**Directions:** Both the line below containing "Loafers in Cream" and the line containing "White Cotton Gathered Pants", along with every line between them, should be repeated exactly; no other line belongs in the answer.

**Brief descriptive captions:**
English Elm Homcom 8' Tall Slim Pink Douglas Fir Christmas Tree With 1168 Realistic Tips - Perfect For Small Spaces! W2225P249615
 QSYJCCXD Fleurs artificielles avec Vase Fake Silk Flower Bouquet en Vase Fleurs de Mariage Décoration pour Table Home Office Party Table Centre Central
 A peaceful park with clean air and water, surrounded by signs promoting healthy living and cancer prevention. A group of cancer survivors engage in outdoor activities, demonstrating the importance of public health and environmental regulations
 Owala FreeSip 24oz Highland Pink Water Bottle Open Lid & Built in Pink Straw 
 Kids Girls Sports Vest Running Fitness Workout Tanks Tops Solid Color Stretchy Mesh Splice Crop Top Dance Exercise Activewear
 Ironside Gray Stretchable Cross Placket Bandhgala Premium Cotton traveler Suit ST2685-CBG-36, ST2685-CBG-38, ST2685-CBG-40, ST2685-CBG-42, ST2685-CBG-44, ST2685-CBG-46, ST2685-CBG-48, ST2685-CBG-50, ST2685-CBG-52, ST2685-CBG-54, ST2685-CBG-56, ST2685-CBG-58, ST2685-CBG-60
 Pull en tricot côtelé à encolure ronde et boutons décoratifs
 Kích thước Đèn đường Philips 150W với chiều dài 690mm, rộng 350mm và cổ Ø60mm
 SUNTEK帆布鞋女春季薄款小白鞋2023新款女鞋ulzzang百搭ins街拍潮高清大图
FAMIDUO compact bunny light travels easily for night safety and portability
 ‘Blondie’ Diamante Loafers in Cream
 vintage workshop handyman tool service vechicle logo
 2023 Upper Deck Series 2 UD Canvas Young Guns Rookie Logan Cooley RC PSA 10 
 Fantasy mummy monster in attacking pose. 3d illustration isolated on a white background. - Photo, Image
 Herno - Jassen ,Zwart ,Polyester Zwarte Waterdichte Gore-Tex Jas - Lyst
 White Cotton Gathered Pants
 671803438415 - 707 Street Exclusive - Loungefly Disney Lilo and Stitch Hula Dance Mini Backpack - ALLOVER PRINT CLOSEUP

**Task solution:**
 ‘Blondie’ Diamante Loafers in Cream
 vintage workshop handyman tool service vechicle logo
 2023 Upper Deck Series 2 UD Canvas Young Guns Rookie Logan Cooley RC PSA 10 
 Fantasy mummy monster in attacking pose. 3d illustration isolated on a white background. - Photo, Image
 Herno - Jassen ,Zwart ,Polyester Zwarte Waterdichte Gore-Tex Jas - Lyst
 White Cotton Gathered Pants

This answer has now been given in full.